Ongoing ignorance of experts 4

Want the good news or the bad news? Trick question. It’s either both or nothing.

To get us started, here’s a tweet from a Greenie today telling us some good news:

James does indeed shoot hard and well on the latest polar bear porn. But this I think is less straightforward:

Matt’s article in The Times yesterday was entitled Blue Planet II was superb, save a few fishy facts. (Behind the Murdoch paywall – but the GWPF mailed me an excerpt. Does that work for others?) I think it’s a good piece and it makes JND’s question a good one. Because, among other things, Matt Ridley buys the idea that ocean plastic, though an eco scare, is a real problem. Eerily, as if in response, The Times today has on its front page Gove: boost aid cash in fight against ocean plastic. The new Environment Secretary craftily wants the international development budget to be raided to help the countries which, it seems, are the main source of the problem. But not everyone thinks that is going to be effective:

While we’re on the Gove-rnment in waiting there’s this

I thought that was worth retweeting. Meanwhile in the same 24 hours the GWPF has alerted me to this key article in Nature: Investigation finds Swedish scientists committed scientific misconduct. The focus of their work? The subheading Probe centered on controversial paper that claimed microplastic pollution harms fish may give a clue.

My question though is broader and harder than who is right or wrong about the eco scare that is ocean plastic. It’s this.
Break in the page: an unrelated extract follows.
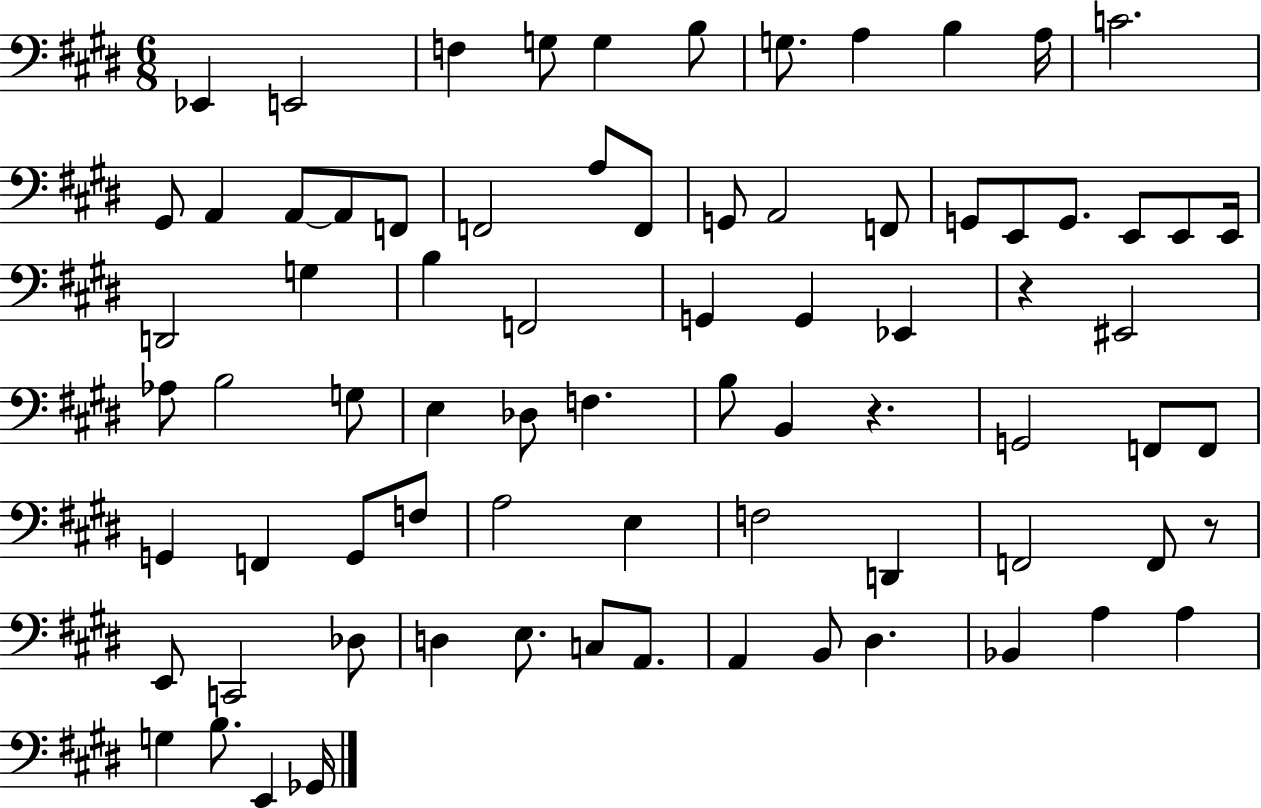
Eb2/q E2/h F3/q G3/e G3/q B3/e G3/e. A3/q B3/q A3/s C4/h. G#2/e A2/q A2/e A2/e F2/e F2/h A3/e F2/e G2/e A2/h F2/e G2/e E2/e G2/e. E2/e E2/e E2/s D2/h G3/q B3/q F2/h G2/q G2/q Eb2/q R/q EIS2/h Ab3/e B3/h G3/e E3/q Db3/e F3/q. B3/e B2/q R/q. G2/h F2/e F2/e G2/q F2/q G2/e F3/e A3/h E3/q F3/h D2/q F2/h F2/e R/e E2/e C2/h Db3/e D3/q E3/e. C3/e A2/e. A2/q B2/e D#3/q. Bb2/q A3/q A3/q G3/q B3/e. E2/q Gb2/s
Exactly where did I go off topic in the first section of this well-meaning post to the blog called Climate Scepticism?

Why this blog is important – and difficult (redux)

The good news, I aver, is that climate is a gateway drug for a lot of other bad stuff. (Good news for us as a blog, that is, though bad news for society.) But being a real expert on so many things is incredibly hard. That’s part of the bad news for us as a blog – and indeed for everyone.
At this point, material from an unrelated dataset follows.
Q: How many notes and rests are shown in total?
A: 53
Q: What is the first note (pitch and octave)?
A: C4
The instalments of this series are I realise of variable length. This one is I think enough for useful discussion. There is more, some of it likely to come along pretty soon.


  1. Thanks for linking to the Delingpole article. We lefty sceptics don’t read Delingpole much now, because he is at Breitbart, which apparently pays better than our own homegrown rightwing Daily Telegraph. What a shame. Here’s what he says about the polar bear:

    The footage was filmed on Baffin Island in Canada. Surely, if you or I had been there, we could have found something edible to push that stricken bear’s way: maybe a visiting delegation of performance poets, abstract artists and avant-garde musicians who arrived by antique sailing ship on a Rockefeller-Foundation-funded arts project to “raise awareness” of melting icecaps; or a group of Greenpeace activists(aren’t bears attracted by strong smells?) on a No To Arctic Drilling protest; or one of the plethora of explorers on another of those deep and meaningful eco-expeditions, sponsored by one of those big reinsurance companies whose business model largely depends on scaring potential clients into thinking global warming is a serious problem.
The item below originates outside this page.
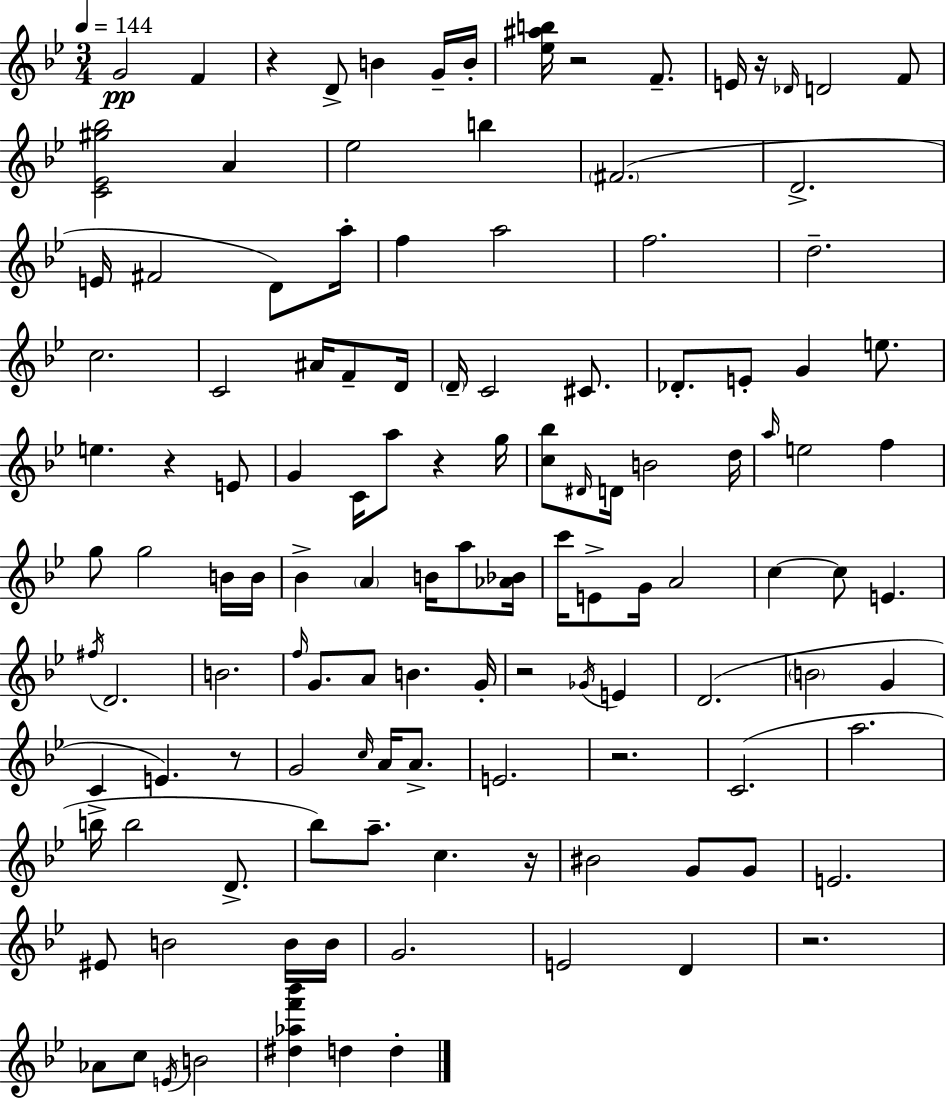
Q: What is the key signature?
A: BES major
    Some of my best friends are abstract artists and avant-garde musicians, but I love Delingpole nonetheless.


  2. A fairly cursory reading would reveal it’s about more than polar bears. But polar bears have become important of late in the demonisation-and-destruction-of-every-last-dissenter stakes, so I’m perfectly happy to discuss them further.

    Geoff: A very funny passage. Earlier one fearless polar bear expert was in more serious mood in criticising the BBC (to our own Paul Matthews) in not beginning to think through what the cameraman should have been doing

    I’m not sure James was motivated solely by money in moving from the Telegraph to Breitbart. Weren’t they really closing down their old blogs? The way, as they did, they destroyed the whole archive, including all James’ old pieces, was very poor. James has also written a fair bit for The Spectator in recent days. (And that was where he came out as a climate sceptic in July 2009, having met Ian Plimer. That article used to be here. It should be retrievable from the Wayback Machine some time.)

    It was encouraging to see a Green publicly acknowledge this latest polar bear propaganda was pseudoscience.

    Ron: Thank you. I felt sure someone in comments would know more about the ocean junk situation than I do.


  3. ” A fairly cursory reading would reveal it’s about more than polar bears.”

    Ditto Crockford’s PhD thesis, but you all think that it is about polar bears, or enough to qualify her as having written peer reviewed papers about them. It beggars belief, but there you have it.


  4. Richard, anyone who disagrees with Paul’s assertion that Crockford’s PhD or other papers are about polar bears because they contain the words “polar bear” (and he was kind enough to highlight the words to emphasize the point) has had ample opportunity. Nobody has, from which I infer the conclusion that you all agree with him. Who doesn’t?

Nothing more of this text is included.